TASK GOAL
Could you repeat the records below exactly, without the pictures?

GIVEN RECORDS
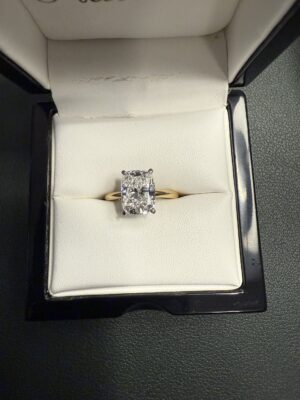 IGI 3.08 Carat E VVS2 Cushion Lab Grown Diamond Ring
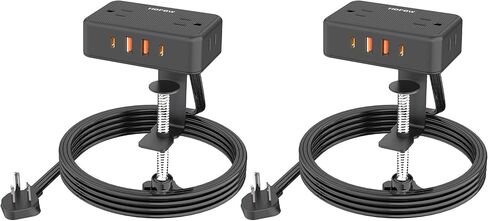 2 Pack Desk Clamp Power Strip with 4 Outlets & 4USB, 10FT Extension Cord in Saudi Arabia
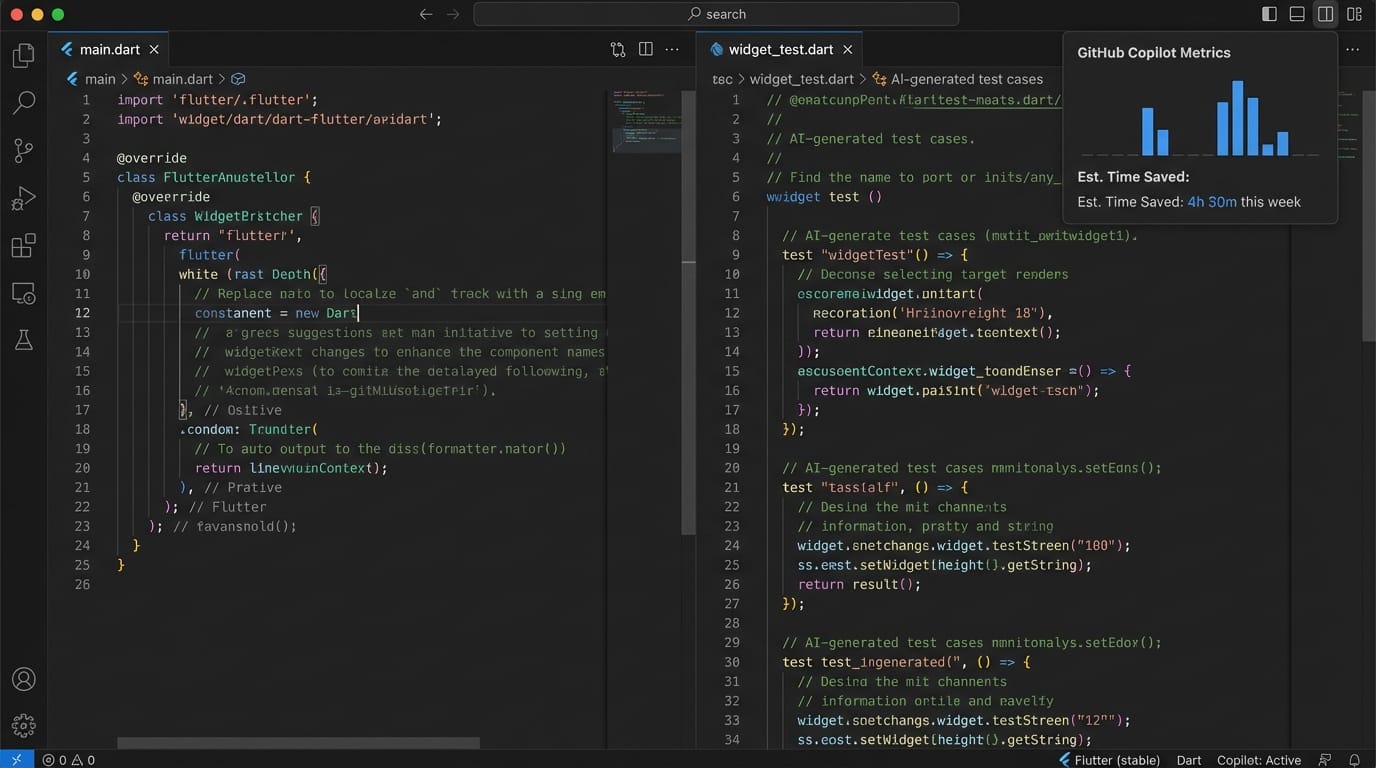 Code editor showing AI-powered development tools generating Flutter code and test cases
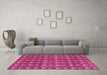 Machine Washable Abstract Pink Modern Rug in a Living Room, wshabs3811pnk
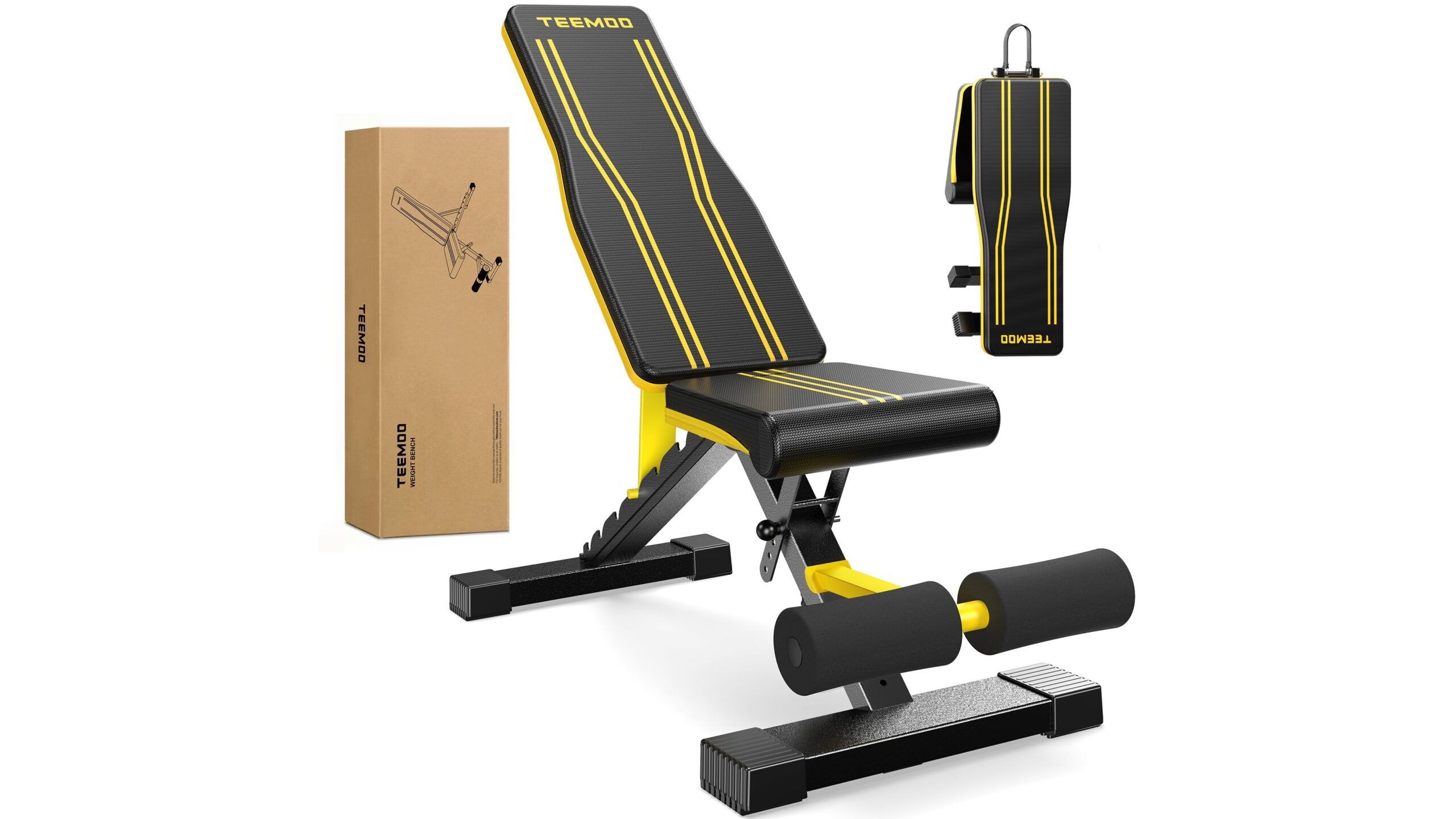 TEEMOO adjustable weight bench for home gym, versatile setup on Amazon for flat to incline work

RESPONSE
 IGI 3.08 Carat E VVS2 Cushion Lab Grown Diamond Ring
 2 Pack Desk Clamp Power Strip with 4 Outlets & 4USB, 10FT Extension Cord in Saudi Arabia
 Code editor showing AI-powered development tools generating Flutter code and test cases
 Machine Washable Abstract Pink Modern Rug in a Living Room, wshabs3811pnk
 TEEMOO adjustable weight bench for home gym, versatile setup on Amazon for flat to incline work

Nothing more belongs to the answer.